Vieillissement du verger, aléas climatiques, libéralisation mal ficelée, manque d'investisseurs étrangers... Rien ne va plus pour la filière café, qui peine à franchir le cap de l'industrialisation.

Les Burundais se seraient bien contentés de cultiver leurs jardins. De récolter des haricots secs, dont ils sont les premiers consommateurs au monde, plutôt que du café qu'ils ne boivent pas. Pourtant, depuis les années 1950, la logique coloniale a fait du Burundi l'un des principaux producteurs d'arabica du continent. Au point que la petite cerise rouge fait office de baromètre socio-économique du pays.

La filière emploie directement 55 % de la population active (plus de 4 millions de personnes) et contribue chaque année à 60 % des recettes d'exportation nationales. Autant dire que depuis sa privatisation, encouragée par la Banque mondiale, en 2008, son évolution a été scrutée de très près. Pour un résultat jusque-là plutôt "décevant", de l'aveu même de Tabu Abdallah Manirakiza, le ministre des Finances et de la Planification.

Comme souvent, les petits paysans, qui, à l'origine, devaient être les premiers bénéficiaires de la réforme, "en paient aujourd'hui le prix", déplore Tocoma Sy, représentant de l'ONG belge Broederlijk Delen. "Nous travaillons à perte. Il faudrait que le prix du kilo soit deux fois plus élevé pour que nous puissions espérer gagner de l'argent", confirme un caféiculteur de la région de Ngozi (Nord), qui regrette que l'État ne fixe aucun prix minimum garanti.

Fluctuations

En outre, le cultivateur se trouve dépossédé de sa récolte dès la station de lavage, confiée au secteur privé. "Ce n'est donc plus lui qui décide quand remettre son café au négociant, en fonction des fluctuations des cours", explique un cadre de la Confédération nationale des associations de caféiculteurs (Cnac).

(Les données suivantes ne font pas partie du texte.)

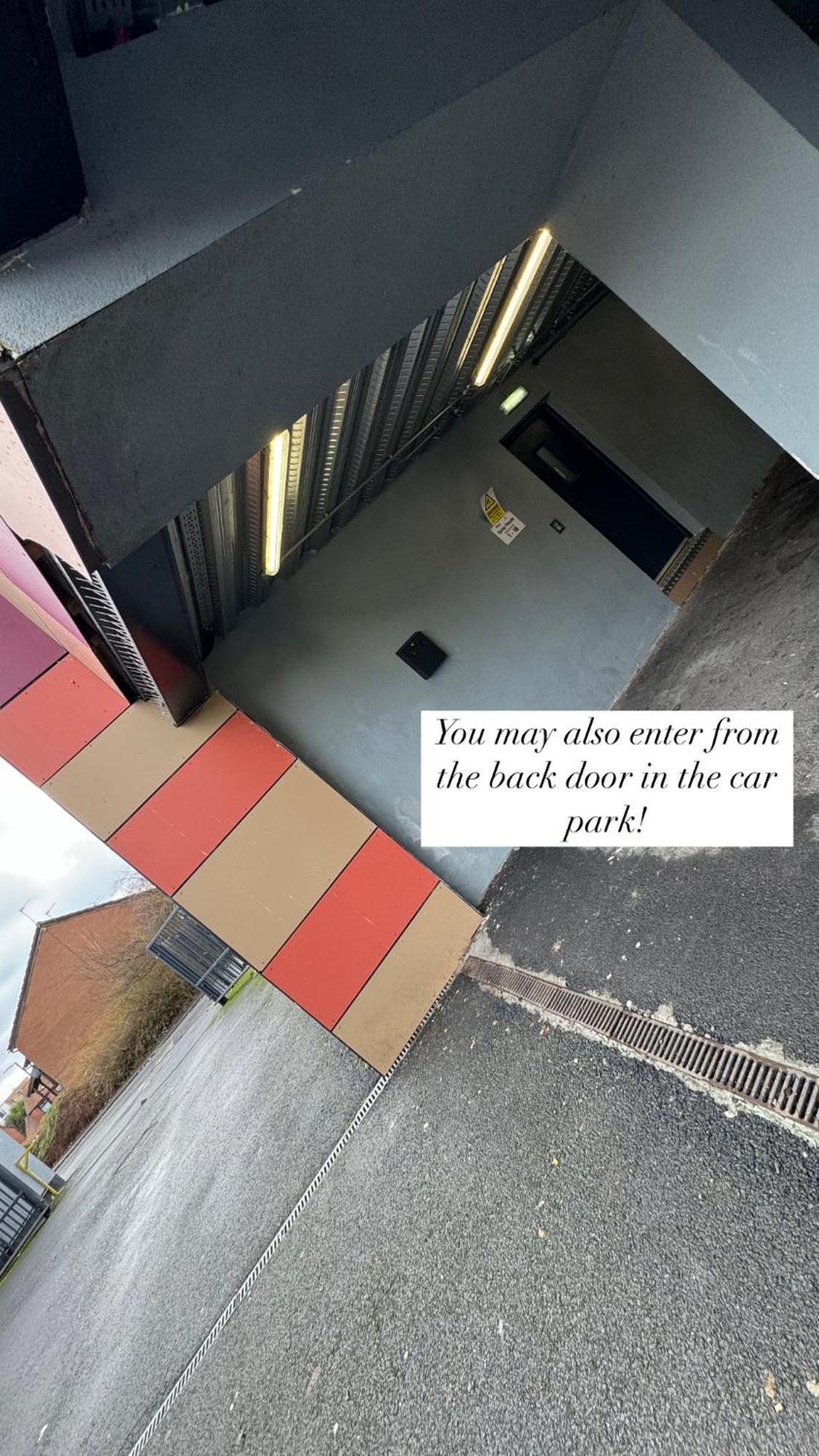 Quay House - Salford - 2bdr Sleeps 7, Spacious & Quiet - Free Parking - Close To Centre, United & The Lowry *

Parce que sa libéralisation a été mal préparée et mal menée, la filière caféicole burundaise risque de rater le virage - ô combien crucial - de la transformation industrielle. Lors de la mise en vente des premiers lots de stations de lavage, les investisseurs ne se sont pas bousculés au portillon.

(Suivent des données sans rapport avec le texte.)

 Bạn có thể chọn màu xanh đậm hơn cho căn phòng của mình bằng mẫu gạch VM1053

Par ailleurs, les coûts se sont révélés bien trop élevés pour les producteurs locaux, qui se trouvent dans l'impossibilité de mobiliser le million de dollars nécessaire pour participer aux appels d'offres du gouvernement. Jusqu'à présent, seul le suisse Webcor a fait l'acquisition de treize stations... sur les cent dix-sept que compte le pays. Toujours faute d'investisseurs, le Burundi ne torréfie encore que 5 % de sa production à l'intérieur du pays.

À genoux

Conscient des failles du système, le gouvernement vient d'autoriser les coopératives de planteurs à participer aux prochaines ventes. Mais l'organisation reste à trouver, ainsi que les capitaux, dont ils manquent cruellement. Mis à genoux par de longues années de guerre civile, le secteur ne s'est toujours pas relevé.

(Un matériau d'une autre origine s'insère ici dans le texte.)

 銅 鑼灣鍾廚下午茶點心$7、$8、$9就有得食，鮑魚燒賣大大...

Environ 24 000 tonnes de café vert (débarrassé de ses enveloppes) ont été produites au cours de la campagne 2012-2013 (contre 40 000 t au début des années 1990), seulement 11 500 t ont été récoltées en 2013-2014 et, pour la campagne en cours, la production ne devrait pas dépasser les 10 000 t. Le manque d'intrants, le vieillissement du verger et les aléas climatiques provoquent des fluctuations qui vont du simple au double d'une année sur l'autre.

Et il est impossible d'améliorer les rendements sur des parcelles aussi réduites, disséminées dans tout le pays... La priorité, pour la Banque mondiale comme pour les transformateurs, reste donc de stabiliser les volumes de production pour permettre à la filière de faire face aux variations des cours internationaux.

"Nous pourrons ainsi améliorer les revenus des paysans", estime-t-on au ministère de l'Agriculture. La qualité reconnue de son arabica doit également permettre au Burundi de mieux valoriser sa production sur les marchés. "Sinon, nous risquons de voir nos caféiculteurs abandonner, au profit d'autres cultures plus rentables", redoute Tocoma Sy, qui espère voir l'État se réimpliquer dans l'encadrement de la filière.